Chris Uggen Ph.D.

McKnight Distinguished Professor and Chair
Department of Sociology
University of Minnesota
Email: uggen001@umn.edu Discipline: Sociology

Investigator Award
The Effects of Incarceration on the Health of Individuals, Families, and Communities
Award Year: 2009 State and federal correctional facilities in the United States house over 2 million people, more than all other nations, and release nearly 650,000 inmates each year. What effect does incarceration have on the health and health care of current and former inmates, and what role does it play in health disparities, since black Americans are incarcerated at much higher rates than whites? Jason Schnittker, Ph.D., and Christopher Uggen, Ph.D., will study this exceedingly important but neglected issue, especially with respect to the health of people after they are released. In their project, The Effects of Incarceration on the Health of Individuals, Families, and Communities, Drs. Schnittker and Uggen will explore the impacts of incarceration on mental and physical health, on families and children, and on health and health care quality at local and state levels. Using an assortment of datasets, they will take a close look at risk factors such as unemployment, marital instability, stigma, chronic stress, discrimination, neighborhood segregation, and access to health care.
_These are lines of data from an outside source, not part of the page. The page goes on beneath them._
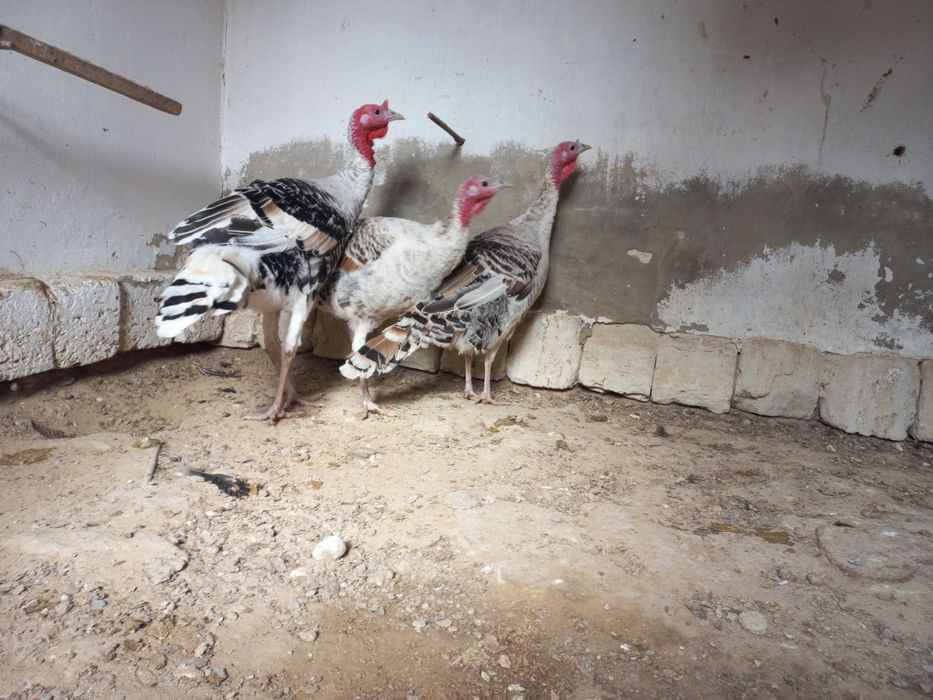 Индюктер сатылады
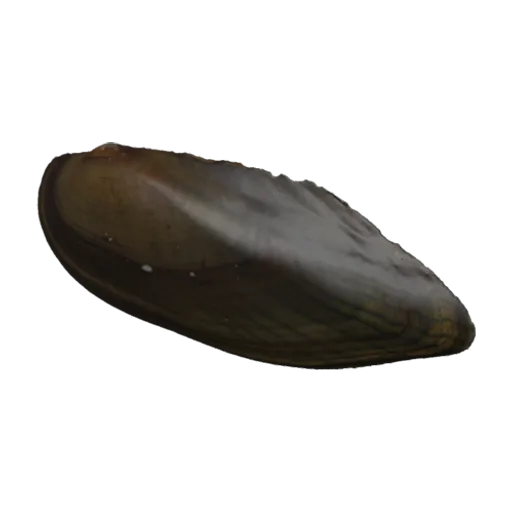 Ligumia nasuta, a 3D model you can turn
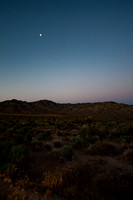 Joshua Tree_042419_025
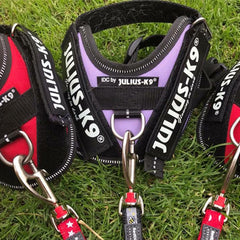 Julius K9 IDC Powerharness for Puppies and Chihuahuas Red - My Chi and Me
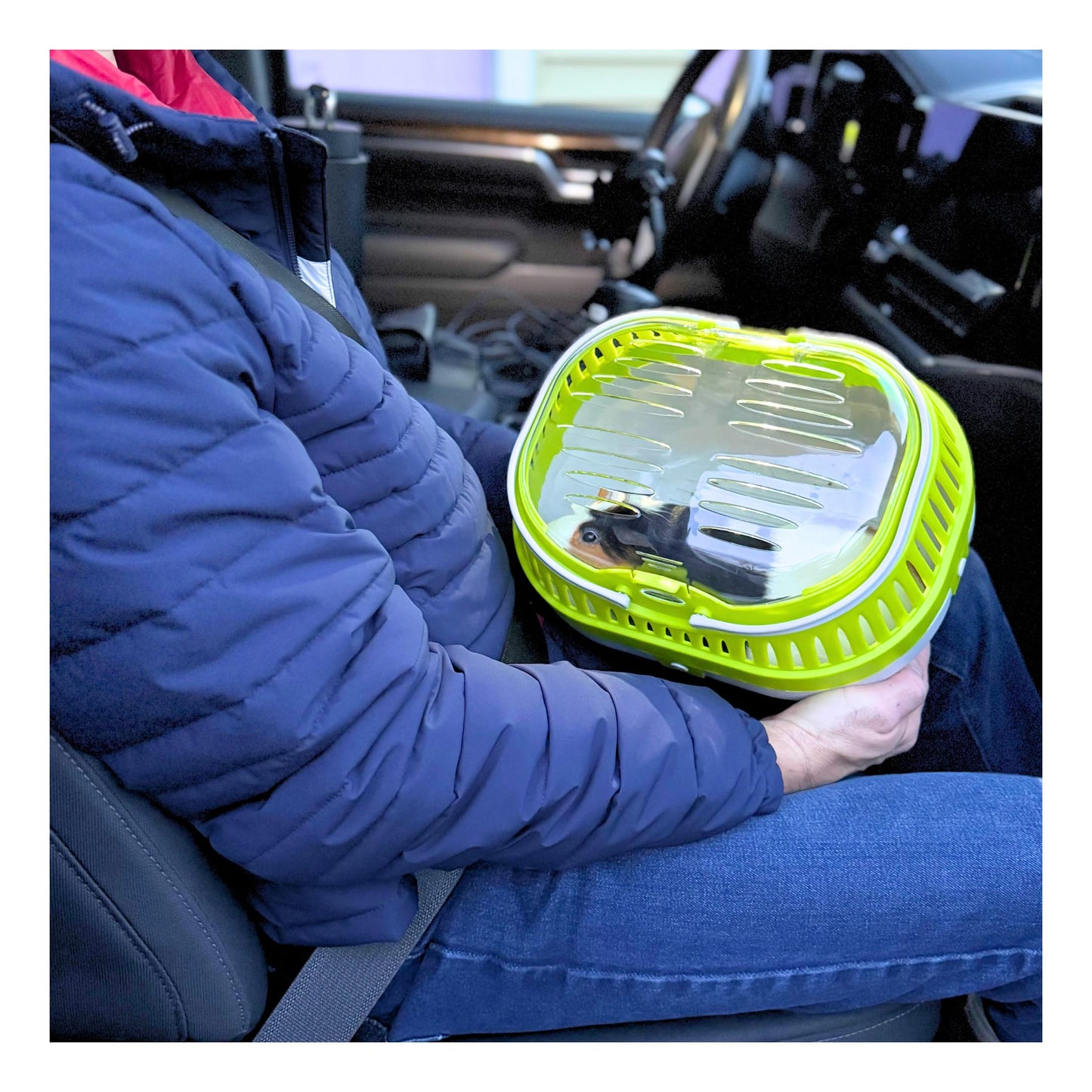 TRIXIE Pico Transport Crate, Small Pet Carrier, Portable Travel Carrier, for Small Pets, Hamsters, Guinea Pig, Lizards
In the end, they will outline the health policy implications of incarceration, with the goal of informing debates on criminal justice reform and on strategies for improving the health of current and former inmates and their families.

Background

Chris Uggen (pronounced You-Gun) is Distinguished McKnight Professor and chair of sociology at the University of Minnesota. His focus is crime, law, and deviance, believing that good science lights the way to a more just and safer world. His writing appears in American Sociological Review, American Journal of Sociology, Criminology, and Law & Society Review and in media such as the New York Times, The Economist, and NPR. With Jeff Manza, he wrote Locked Out: Felon Disenfranchisement and American Democracy (Oxford, 2006). His current projects take up punishment and reentry, citizenship, substance use, employment discrimination, and health inequalities. Away from work, Chris is a father, a jogger, and a blogger.